Every now and then, when Mark and I settle into bed with the idea of having sex… something completely different happens. Like, in the Monty Python way. On crack.
Often, it’s when he’s anxious about things — right now, he’s getting ready to direct his first paying freelance gig — or overtired or a little loopy or I’m not entirely in it yet myself. Now and then, I see it coming. Sometimes, like last night, I don’t.
There we are, all naked or half-naked, in or around bed, we’ve got sex on the brain or as a plan, and then it’s like — POW! Boy mysteriously and immediately regresses to half his age and has this sort of spaztastic “Gadzooks! Cowabunga! AIE! It’s a naked GIRL — right next to ME!”

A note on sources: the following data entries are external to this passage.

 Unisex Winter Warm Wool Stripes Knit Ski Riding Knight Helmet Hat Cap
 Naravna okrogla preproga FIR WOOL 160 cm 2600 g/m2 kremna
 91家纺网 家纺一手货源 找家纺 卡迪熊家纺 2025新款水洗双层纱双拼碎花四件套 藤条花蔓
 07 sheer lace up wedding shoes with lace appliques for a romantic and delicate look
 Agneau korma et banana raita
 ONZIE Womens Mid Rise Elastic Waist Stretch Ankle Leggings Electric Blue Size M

This reaction is generally demonstrated with what I can only describe as interpretive dance. Last night, it began with a strange sort of Robert Crumb-esque cling to my lower body and sheet-spelunking and evolved into what I could only presume was Mark’s best impression of a jellyfish: arms flailing, wiggling on the bed like a lunatic nonstop, the making of squiggly-face. Usually then, too, as was the case last night, some series of one-liners or funny face-making comes into play, and it all only gets worse the more I laugh.

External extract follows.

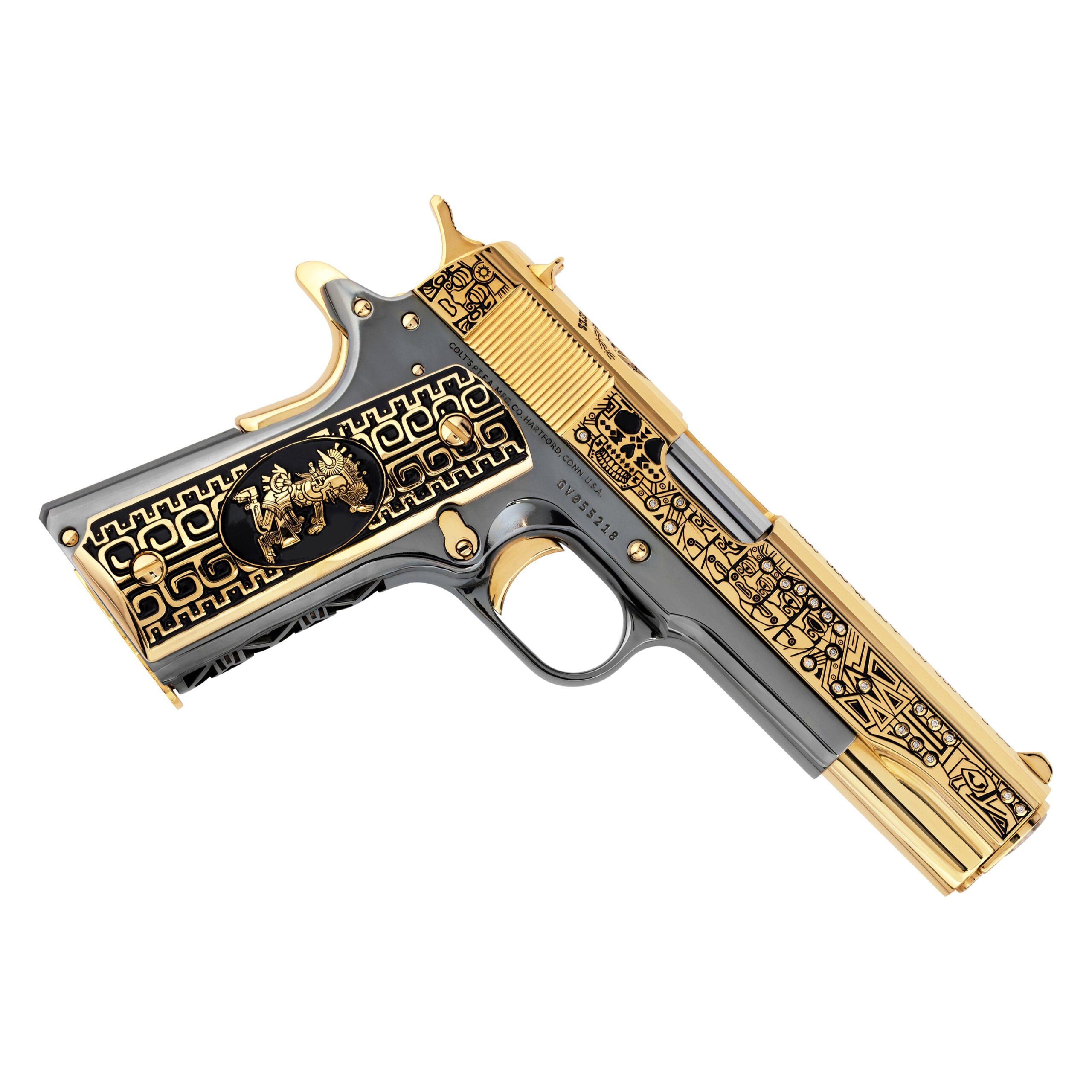 Colt 1911 Government, El Jefe De Jefes Diamond Edition, 38 Super, 9 + 1, 24K Gold & Black Chrome - Image 5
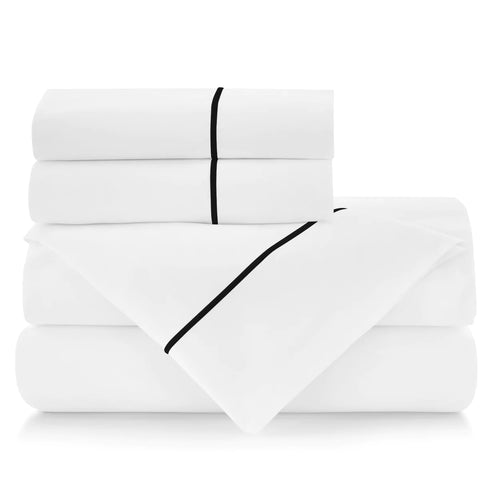 400TC SHEET + BLACK PIPED PILLOWCASES - MODERNE #1A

(At some point too, I always feel I should check in with Mark to be sure he absolutely didn’t want to have sex, because there comes a degree of silly which, while I quite enjoy it, goes past the point of no return when it comes to my getting turned on. I usually try and ask this when either in my head or outta my lips issues the first “Oy gavalt, we’re going to go HERE.”)
These episodes always, always end in some ginormous gigglefest where neither one of us can stop laughing and breathing becomes a serious issue.

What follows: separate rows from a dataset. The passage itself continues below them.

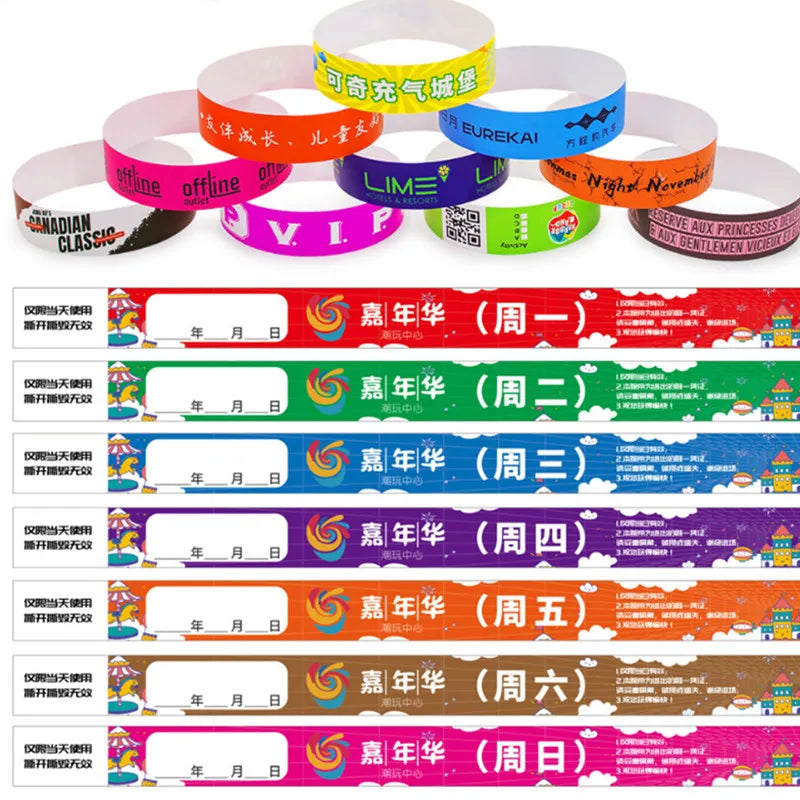 HXY Promotional Tyvek Paper Waterproof Heat Transfer Printed Event Wristbands Customized Logo-Sports Themed Tradeshow Giveaways
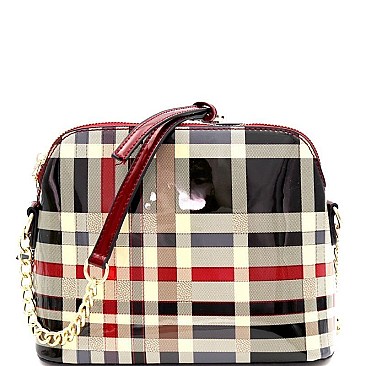 Plaid Check Dome-Shaped Crossbody Bag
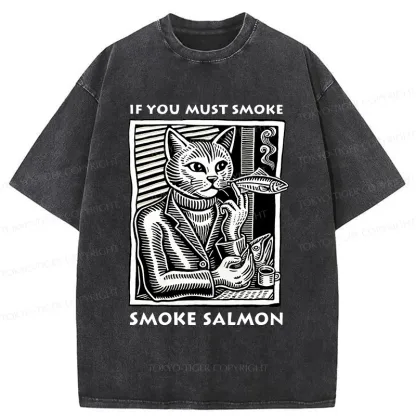 Tokyo-Tiger Elegant Cat Washed T-Shirt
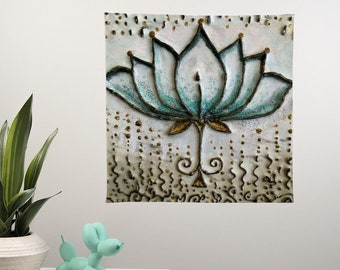 Mini Blue Namaste Lotus Wall Banner 22 x 22 Inches, Yoga Room Art, Yogi Gift, Meditation Art, Zen Flower, Floral Lightweight Flag,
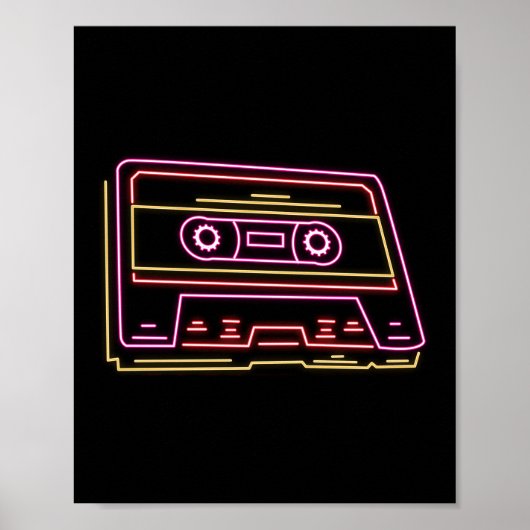 Retro 80s 90s Neon Cassettebandje Ghettobaster Poster (Voorkant)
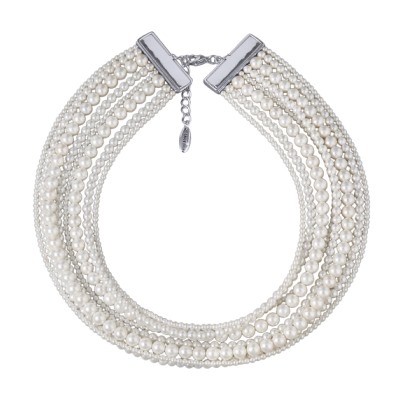 Колье Виктория (Майорка белая 3-6мм; покрытие родий) 36-40см, Есть комплект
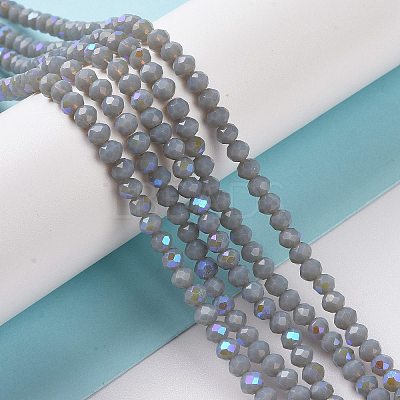 Electroplate Opaque Solid Color Glass Beads Strands EGLA-A034-P4mm-L13-1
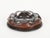 Marvelous mid-century ashtray in curved brown leather and crystal glass. The design of this incredibly stylish ashtray is...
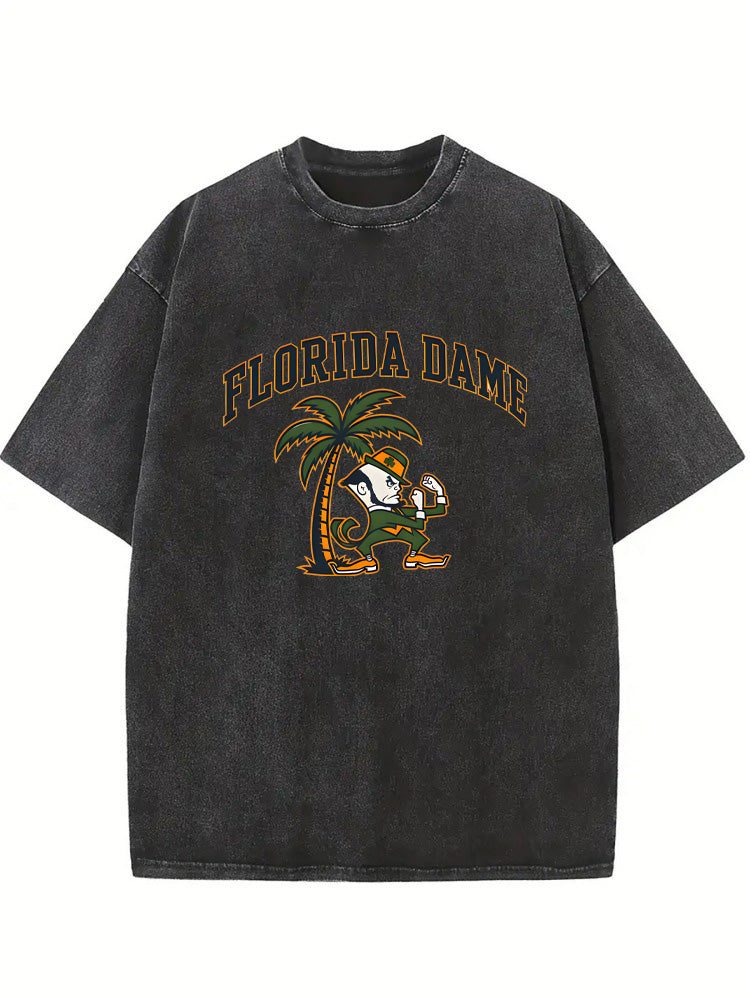 Florida Dame Back To School Gift Washed T-shirt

Oddly enough, it ends up serving the same purposes sex does, just via a different route: it’s pretty darn intimate to make a total arse of yourself naked in front of someone else, and to have someone else feel free enough to do that with you. If you’re all stressed out, pent up, all that laughing is one helluva release. You get your ednorphins, you get your dopamine. And quite in spite of myself, I have to admit, it’s fun as all hell and always an unexpected surprise. Sure, you have your moment where you’re all “Oh damn, that orgasm I was looking forward to so isn’t happening.” On the other hand, there’s always another day, and while it’s pretty doable to plan to have sex, it’s nigh unto impossible to plan to be an all-out naked goofball. I mean, you can’t exactly say, “Hey sugar, you wanna get silly tomorrow night?” I mean, we all have our things we can do to get in the mood to have sex, especially when we’re with a partner we know and who knows us well, but there’s a pretty specific space you have to be in and can’t make happen to be a giant freaky spaz.
That said? Um. I’d like to cash in my raincheck for that orgasm now, please.